Spring is dogwood season in the eastern US, where the trees grow wild and lanky in forests, more squat in sun, and because of their weak immune systems are the bane of show-off gardeners. The dogwood (cornus florida) is also the state flower of North Carolina, where I grew up. Why a state needs a flower, I'm not sure, but we had the cheerful fact pounded into us in school, along with a mild resentment for Virginians, who claimed the same bloom.
So of course I noticed this old and healthy specimen near the Observatory in Greenwich Park:

Dogwoods of this sort don't grow naturally in England, and their maximum lifespan is unknown. So... the kind of homesickness only Spring can evoke sends me off on a gilded fantasy in which the tree was shipped back from the doomed English settlement in the Carolinas, as a gift for her majesty, Elizabeth I, whose garden Greenwich Park was at the time.

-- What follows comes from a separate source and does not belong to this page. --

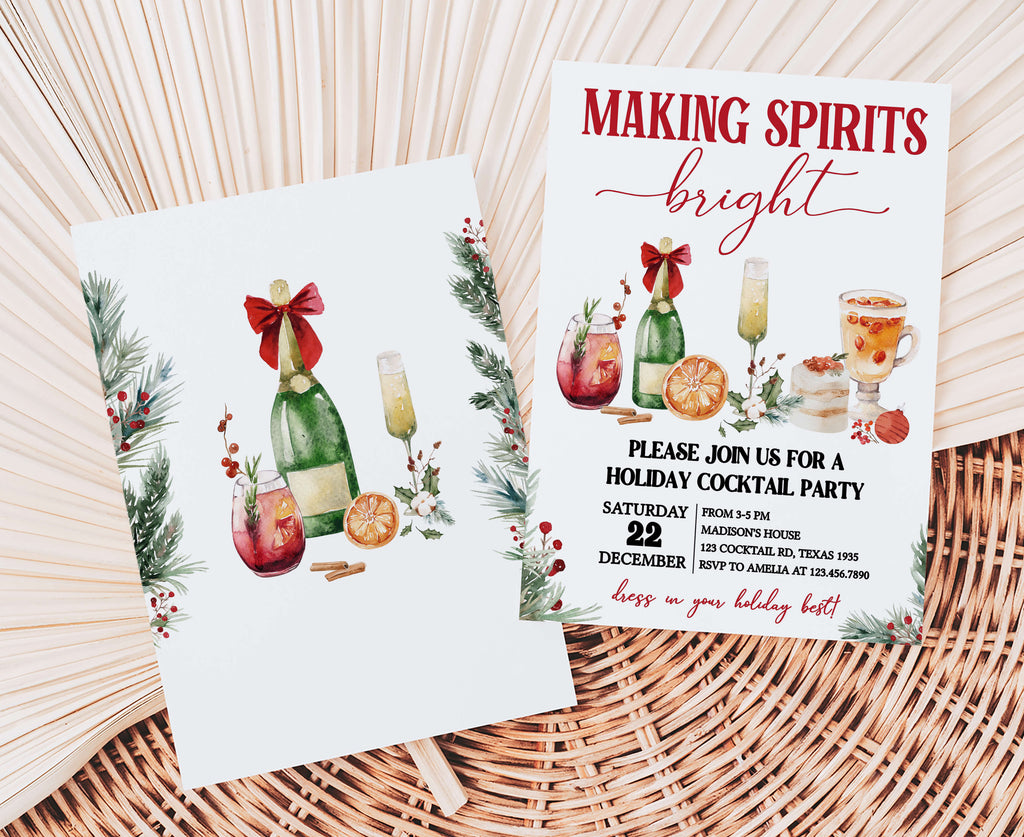 Elegant holiday invitation featuring champagne, wine, and cocktails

Of course, cultural 'exchange' works both ways. I dug this out of the photo archives (the shamefully chaotic shopping bag at the bottom of the closet):

As an eye-level garden ornament on the campus of the University of North Carolina, where I did my undergrad studies, the gargoyle looks positively cuddly. But its overstated features would have had a more menacing effect from its original, pre-restoration perch, just above Big Ben.